Why can’t counterfeiters just use their own QR codes to bypass the serialized or secure QR code altogether?
In the following example, a sophisticated counterfeiter attempts to bypass the secure QR code.
Counterfeiting method: Copy the packaging but replace the QR code with one controlled by the counterfeiter
The counterfeiter is using their own QR code, domain name, and website, and thus control’s the full journey of a customer or user who scans the counterfeit product’s QR code. The domain name is often a slightly-altered spelling of the brand or anti-counterfeiting technology provider’s actual website and easy to mistake for an official authentication website.
Even in this scenario, using serialized QR codes or a secure QR code in a well-designed anti-counterfeiting program enables the brand owner to use crowdsourcing to detect the counterfeit products in-market. This is because a well-designed anti-counterfeiting program will provide two ways to authenticate:
- Users can authenticate by directly scanning a QR code. This can be circumvented by a counterfeiter who completely replaces your serialized or secure QR code with theirs, and sends the user to their own fake website.
- Users can authenticate by first visiting a trusted channel for authentication, such as an official web or mobile app or social media account, and then begin the authentication process there.
Let’s flesh these out in more detailed examples:
“Untrusted channel” scenario: User authenticates by directly scanning a QR code made by the counterfeiter (ie, it’s not a copy of a genuine product’s code). This sophisticated counterfeit is not detected:
“Trusted channel” scenario: User first visits a trusted channel (official mobile app or website) then scans the QR code within that web or mobile app. The sophisticated counterfeit is detected.
How practical is it for consumers to scan QR codes on packaging to authenticate a product?

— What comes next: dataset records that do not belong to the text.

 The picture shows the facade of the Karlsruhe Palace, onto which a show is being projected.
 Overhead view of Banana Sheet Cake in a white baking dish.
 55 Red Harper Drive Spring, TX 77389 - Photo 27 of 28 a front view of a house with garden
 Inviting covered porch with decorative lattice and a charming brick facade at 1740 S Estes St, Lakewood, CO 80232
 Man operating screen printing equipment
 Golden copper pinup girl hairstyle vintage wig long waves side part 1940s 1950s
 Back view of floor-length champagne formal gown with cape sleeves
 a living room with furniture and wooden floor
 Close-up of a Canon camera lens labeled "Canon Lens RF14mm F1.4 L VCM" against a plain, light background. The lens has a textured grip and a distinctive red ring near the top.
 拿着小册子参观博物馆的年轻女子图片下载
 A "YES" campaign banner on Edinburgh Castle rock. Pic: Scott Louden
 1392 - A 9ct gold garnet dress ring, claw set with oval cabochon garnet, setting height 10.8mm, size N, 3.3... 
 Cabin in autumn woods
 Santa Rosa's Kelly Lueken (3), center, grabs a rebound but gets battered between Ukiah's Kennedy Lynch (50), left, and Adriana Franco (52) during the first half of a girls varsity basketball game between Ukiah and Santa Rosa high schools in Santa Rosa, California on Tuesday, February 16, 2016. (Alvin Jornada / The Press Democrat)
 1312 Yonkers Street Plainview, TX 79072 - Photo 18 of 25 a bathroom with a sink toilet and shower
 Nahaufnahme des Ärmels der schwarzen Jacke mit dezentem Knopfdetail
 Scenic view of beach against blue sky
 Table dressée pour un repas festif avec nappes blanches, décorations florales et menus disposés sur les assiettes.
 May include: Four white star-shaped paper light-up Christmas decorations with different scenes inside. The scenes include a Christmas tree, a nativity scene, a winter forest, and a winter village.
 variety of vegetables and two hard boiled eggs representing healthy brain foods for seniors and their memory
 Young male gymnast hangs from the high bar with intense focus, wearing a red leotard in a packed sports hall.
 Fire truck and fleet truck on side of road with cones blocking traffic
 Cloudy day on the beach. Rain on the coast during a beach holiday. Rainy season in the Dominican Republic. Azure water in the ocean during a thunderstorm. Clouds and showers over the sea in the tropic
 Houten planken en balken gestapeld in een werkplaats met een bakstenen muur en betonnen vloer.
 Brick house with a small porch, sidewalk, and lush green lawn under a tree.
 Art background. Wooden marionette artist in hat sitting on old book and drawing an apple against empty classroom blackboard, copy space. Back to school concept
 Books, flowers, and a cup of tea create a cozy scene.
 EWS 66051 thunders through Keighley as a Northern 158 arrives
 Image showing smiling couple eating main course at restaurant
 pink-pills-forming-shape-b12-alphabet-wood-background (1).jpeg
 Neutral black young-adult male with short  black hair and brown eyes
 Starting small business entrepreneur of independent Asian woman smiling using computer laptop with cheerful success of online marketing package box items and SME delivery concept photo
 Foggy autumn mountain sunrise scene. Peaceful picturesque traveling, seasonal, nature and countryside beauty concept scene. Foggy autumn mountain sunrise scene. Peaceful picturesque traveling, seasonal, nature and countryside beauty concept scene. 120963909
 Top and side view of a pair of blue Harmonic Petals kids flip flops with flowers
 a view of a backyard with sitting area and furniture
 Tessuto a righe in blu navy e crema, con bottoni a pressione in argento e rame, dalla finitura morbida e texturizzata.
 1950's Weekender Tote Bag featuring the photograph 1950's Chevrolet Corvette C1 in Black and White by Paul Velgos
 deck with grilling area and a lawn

As a rule of thumb, between 1% and 20% of products with a QR code are scanned by an end-user, varying widely by market, product category, and the incentive or use case for scanning the code. There are use cases where the scan rate can be higher than 20% – for example, warranty registration or to claim a reward. A successful connected packaging solution rollout requires designing a connected packaging approach that will make it easy for your customers to authenticate your products and understand the benefits of doing so.
How do you choose the right QR code security technology for anti-counterfeiting on products?
Generally, there are a few key considerations when deciding what QR code security level to use.
- Desired security robustness or “strength”- As demonstrated above, basic static and dynamic QR codes that are non-serialized (not unique) provide virtually no protection against counterfeits or actionable counterfeiting data from the market. Serialized QR codes provide limited and delayed protection, while secure QR codes with embedded security images provide strong, immediate protection.
- Cost of the solution and total-cost-of-ownership – Serialized and secure QR codes generally have some setup costs associated due to the requirement to integrate with the printing equipment. On top of the setup costs, they’re also usually priced on a per-code basis.
- Ease of implementation – This is dependent on the exact anti-counterfeiting solution chosen, how you print today, the printing equipment you currently use. An experienced secure QR code solution provider will be able to quickly help you navigate your options to find the fastest path to your goals.